Mais, dira-t-on, la science ne sera pas toujours l’apanage de quelques-uns, un jour viendra où elle sera à la portée de tous et de chacun. En effet, mais ce temps est encore loin et il faudra beaucoup de révolutions sociales avant qu’il arrive. Et, en attendant, qui consentira à remettre son sort entre les mains des savants, ces prêtres de la science? A quoi bon, alors, le soustraire aux curés?
Selon nous, se trompent à l’extrême ceux qui s’imaginent qu’après la révolution sociale tout le monde sera au même degré savant. La science comme telle, restera comme aujourd’hui une des nombreuses spécialisations sociales - à la seule différence que cette spécialisation n’est actuellement accessible qu’à quelques individus originaires des classes privilégiées - lors même qu’en dehors de toute distinction de classes à jamais abolies, elle se trouvera à la portée de toutes les personnes qui se sentiront la vocation et l’envie de se consacrer à elle, sans que le travail manuel rendu obligatoire pour tous ait à en pâtir.
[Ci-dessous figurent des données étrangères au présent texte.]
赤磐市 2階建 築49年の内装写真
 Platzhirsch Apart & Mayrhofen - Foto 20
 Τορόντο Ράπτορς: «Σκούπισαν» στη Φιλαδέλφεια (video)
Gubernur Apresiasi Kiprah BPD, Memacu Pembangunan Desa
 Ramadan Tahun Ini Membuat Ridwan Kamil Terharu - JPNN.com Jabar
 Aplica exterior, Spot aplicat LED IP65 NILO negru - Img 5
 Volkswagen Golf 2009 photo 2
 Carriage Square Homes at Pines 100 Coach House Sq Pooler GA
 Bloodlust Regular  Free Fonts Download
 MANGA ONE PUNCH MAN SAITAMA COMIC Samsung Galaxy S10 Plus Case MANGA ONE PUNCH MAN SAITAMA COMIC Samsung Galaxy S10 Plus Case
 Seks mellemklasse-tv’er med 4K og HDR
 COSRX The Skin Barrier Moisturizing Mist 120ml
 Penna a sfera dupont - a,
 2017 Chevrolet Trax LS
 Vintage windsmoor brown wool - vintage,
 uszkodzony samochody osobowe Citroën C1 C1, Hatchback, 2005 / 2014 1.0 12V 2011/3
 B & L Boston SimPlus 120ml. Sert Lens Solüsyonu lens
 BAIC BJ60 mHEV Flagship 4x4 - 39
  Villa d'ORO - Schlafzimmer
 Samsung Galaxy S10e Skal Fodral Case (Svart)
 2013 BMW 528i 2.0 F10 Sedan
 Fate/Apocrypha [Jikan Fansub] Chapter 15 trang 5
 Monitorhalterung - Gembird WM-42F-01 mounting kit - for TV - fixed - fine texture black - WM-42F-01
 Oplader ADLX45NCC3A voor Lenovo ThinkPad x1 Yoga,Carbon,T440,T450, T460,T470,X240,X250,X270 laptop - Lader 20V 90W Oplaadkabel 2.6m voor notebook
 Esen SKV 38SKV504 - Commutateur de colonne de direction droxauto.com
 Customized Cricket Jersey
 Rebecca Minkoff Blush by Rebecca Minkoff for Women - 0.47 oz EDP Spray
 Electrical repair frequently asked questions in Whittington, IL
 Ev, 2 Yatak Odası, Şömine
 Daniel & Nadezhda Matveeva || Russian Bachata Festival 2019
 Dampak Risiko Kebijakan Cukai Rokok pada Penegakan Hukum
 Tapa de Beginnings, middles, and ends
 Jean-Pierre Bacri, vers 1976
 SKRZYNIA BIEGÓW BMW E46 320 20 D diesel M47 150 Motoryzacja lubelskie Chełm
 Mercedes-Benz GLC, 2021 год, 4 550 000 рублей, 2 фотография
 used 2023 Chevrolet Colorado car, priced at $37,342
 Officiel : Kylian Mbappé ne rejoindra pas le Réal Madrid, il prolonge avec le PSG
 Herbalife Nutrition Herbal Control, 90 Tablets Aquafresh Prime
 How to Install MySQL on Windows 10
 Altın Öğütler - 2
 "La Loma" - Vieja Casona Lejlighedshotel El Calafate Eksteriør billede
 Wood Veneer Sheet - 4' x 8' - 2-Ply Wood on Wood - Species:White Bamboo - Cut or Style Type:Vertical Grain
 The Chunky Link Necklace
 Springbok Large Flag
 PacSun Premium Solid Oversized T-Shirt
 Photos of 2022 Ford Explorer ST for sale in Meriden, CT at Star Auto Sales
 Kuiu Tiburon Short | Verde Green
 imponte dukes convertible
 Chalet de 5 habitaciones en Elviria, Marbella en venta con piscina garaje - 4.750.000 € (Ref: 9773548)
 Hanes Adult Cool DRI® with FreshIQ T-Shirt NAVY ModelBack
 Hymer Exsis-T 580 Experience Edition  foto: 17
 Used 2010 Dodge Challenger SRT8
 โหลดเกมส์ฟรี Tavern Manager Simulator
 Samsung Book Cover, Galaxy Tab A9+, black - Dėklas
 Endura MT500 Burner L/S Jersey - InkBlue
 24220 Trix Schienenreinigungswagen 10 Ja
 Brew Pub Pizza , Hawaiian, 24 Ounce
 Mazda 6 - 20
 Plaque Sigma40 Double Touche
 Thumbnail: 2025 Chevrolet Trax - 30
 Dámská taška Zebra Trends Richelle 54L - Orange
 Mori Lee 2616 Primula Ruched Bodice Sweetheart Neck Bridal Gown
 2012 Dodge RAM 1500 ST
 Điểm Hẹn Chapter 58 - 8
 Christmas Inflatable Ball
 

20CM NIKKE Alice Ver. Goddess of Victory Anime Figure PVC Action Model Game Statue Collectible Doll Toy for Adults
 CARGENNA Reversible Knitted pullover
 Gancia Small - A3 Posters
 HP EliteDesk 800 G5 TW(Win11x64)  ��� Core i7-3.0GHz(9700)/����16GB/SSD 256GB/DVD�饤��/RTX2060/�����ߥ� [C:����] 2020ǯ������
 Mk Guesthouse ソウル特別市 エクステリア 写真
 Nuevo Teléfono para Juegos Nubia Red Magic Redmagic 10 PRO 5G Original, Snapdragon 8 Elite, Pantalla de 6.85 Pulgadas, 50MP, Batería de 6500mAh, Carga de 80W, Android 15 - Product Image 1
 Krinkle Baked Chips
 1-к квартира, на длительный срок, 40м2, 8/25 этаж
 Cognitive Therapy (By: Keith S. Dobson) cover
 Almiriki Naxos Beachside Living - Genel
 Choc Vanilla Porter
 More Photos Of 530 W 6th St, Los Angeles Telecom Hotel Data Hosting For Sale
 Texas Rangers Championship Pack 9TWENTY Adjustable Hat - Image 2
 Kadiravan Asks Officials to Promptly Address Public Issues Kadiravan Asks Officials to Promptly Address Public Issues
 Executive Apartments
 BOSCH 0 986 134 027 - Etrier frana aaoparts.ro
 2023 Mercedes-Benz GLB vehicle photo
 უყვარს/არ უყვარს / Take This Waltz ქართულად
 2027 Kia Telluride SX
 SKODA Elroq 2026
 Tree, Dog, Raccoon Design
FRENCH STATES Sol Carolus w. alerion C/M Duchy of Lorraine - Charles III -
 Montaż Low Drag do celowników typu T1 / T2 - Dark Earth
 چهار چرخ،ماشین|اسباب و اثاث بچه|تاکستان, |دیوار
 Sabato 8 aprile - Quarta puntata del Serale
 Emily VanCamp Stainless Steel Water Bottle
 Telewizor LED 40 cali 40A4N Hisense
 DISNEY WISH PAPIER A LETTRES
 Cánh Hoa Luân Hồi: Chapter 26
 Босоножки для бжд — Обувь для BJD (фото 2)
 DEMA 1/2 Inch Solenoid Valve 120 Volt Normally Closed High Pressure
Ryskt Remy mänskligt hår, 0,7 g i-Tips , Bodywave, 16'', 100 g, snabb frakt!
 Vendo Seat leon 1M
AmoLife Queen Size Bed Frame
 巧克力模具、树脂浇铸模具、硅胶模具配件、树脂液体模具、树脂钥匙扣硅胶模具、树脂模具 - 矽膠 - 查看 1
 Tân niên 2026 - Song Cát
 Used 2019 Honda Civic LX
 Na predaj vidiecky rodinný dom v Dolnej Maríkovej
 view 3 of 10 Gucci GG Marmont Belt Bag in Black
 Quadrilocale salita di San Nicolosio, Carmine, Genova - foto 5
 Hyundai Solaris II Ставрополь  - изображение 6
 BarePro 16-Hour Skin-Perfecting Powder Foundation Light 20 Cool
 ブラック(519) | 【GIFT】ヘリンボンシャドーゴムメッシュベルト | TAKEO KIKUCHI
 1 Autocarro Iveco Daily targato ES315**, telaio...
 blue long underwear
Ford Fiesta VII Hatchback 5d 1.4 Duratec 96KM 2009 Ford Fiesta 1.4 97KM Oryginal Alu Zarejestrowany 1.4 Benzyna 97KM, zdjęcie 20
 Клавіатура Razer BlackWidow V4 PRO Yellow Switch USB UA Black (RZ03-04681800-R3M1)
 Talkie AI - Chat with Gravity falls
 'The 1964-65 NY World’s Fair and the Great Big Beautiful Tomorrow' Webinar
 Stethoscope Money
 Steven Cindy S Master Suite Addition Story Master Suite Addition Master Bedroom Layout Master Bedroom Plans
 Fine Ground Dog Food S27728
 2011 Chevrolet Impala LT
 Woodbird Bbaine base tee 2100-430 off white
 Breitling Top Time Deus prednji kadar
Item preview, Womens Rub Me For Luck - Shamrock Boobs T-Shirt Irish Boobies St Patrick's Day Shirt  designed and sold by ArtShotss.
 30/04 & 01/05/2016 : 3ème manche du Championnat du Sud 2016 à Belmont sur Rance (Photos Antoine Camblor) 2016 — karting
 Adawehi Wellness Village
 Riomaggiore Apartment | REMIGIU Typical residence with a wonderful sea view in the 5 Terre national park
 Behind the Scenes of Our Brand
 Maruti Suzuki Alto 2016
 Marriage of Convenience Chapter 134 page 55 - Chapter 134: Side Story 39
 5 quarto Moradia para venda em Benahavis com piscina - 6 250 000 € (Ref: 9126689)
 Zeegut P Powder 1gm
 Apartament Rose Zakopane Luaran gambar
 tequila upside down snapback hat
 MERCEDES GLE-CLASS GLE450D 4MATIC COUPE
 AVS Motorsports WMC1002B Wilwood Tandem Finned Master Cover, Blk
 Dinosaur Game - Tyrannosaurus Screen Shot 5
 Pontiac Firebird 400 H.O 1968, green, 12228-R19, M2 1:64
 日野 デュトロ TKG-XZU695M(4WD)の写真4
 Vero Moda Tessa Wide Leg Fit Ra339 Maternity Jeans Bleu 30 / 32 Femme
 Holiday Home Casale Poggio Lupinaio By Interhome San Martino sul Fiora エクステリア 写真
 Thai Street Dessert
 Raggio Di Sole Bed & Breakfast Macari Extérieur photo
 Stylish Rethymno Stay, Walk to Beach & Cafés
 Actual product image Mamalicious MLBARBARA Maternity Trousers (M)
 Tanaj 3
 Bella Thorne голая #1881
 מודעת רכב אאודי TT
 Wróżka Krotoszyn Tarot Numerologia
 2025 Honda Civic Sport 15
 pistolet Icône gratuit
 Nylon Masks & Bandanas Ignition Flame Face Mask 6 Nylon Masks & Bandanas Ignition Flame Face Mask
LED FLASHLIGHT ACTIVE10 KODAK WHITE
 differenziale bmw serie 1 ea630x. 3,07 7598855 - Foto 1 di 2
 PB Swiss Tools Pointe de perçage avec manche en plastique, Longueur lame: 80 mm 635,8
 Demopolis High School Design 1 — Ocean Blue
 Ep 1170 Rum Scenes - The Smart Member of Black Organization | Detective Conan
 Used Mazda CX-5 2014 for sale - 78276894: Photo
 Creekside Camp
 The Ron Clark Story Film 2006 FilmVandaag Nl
La formation scientifique et surtout l’étude de la méthode scientifique, l’habitude de penser, c’est-à-dire de généraliser les faits et d’en tirer des conclusions plus ou moins justes, deviendront seulement le patrimoine commun. Mais il y aura toujours très peu de têtes encyclopédiques et, dès lors, de sociologues érudits. Ce serait un malheur pour l’humanité qu’un jour la pensée devînt la source et l’unique conductrice de la vie, et que la science et l’érudition fussent appelées à gouverner la société. La vie se tarirait et la société se transformerait en un troupeau anonyme et servile. Gouverner la vie par la science n’aurait d’autre résultat que d’abêtir l’humanité.
Bakunin, Étatisme et anarchie
Je ne crois pas aux experts. Je suis convaincu, en tout cas, qu’il est impossible d’appuyer des décisions politiques sur l’“avis des experts”. Et cela pour plusieurs raisons - dont certaines sont bien expliquées par Bakunin:
- Il n’y a pas une vérité, dans le domaine scientifique et du savoir, il y a plusieurs visions et interprétations du monde appuyées sur des arguments particuliers, fondées sur des méthodologies particulières. Un choix politique ne peut pas se baser sur l’avis des experts car cela signifie choisir - sans compétence particulière - entre plusieurs experts. Ce choix ne peut qu’être politique et donc il invalide l’avis.
- Les experts sont choisis par les pouvoirs - étatiques, médiatiques etc. - pour confirmer ce que ces pouvoir veulent affirmer. J’ai aussi de belles expériences personnelles sur ce sujet: dites à un.e journaliste quelque chose qu’iel ne veut pas entendre et vous êtes sûr que votre propos ne sera pas reporté et surtout que le.a journaliste en question ne vous rappellera jamais. L’expert est utilisé comme argument d’autorité pour confirmer quelque chose qui a été déjà décidé avant.
- Le principe de la liberté est d’être capable de choisir en comprenant ce qu’on choisit. Déléguer les experts - comme le dit Bakunin - ou déléguer les prêtres c’est finalement la même chose
- Les experts - pour lesquels je n’utilise justement pas de forme inclusive - sont le produit du pouvoir: privilégiés, riches, hommes, blancs dans la quasi-totalité des cas. (Oui, j’en fais partie, et en effet je fais partie des experts, même si je ne veux pas en être).
Je suis moins d’accord avec le romantisme antiscientiste du dernier paragraphe de Bakunin, mais il a quand même son esthétique - et peut-être son âge…
La liberté et l’émancipation nécessitent que les décisions politiques soient prises collectivement, en mettant tout le monde en état d’en comprendre les raisons et les enjeux, en tenant en compte les différentes visions et interprétations et sans établir en amont qu’il y a des opinions qui comptent plus que les autres.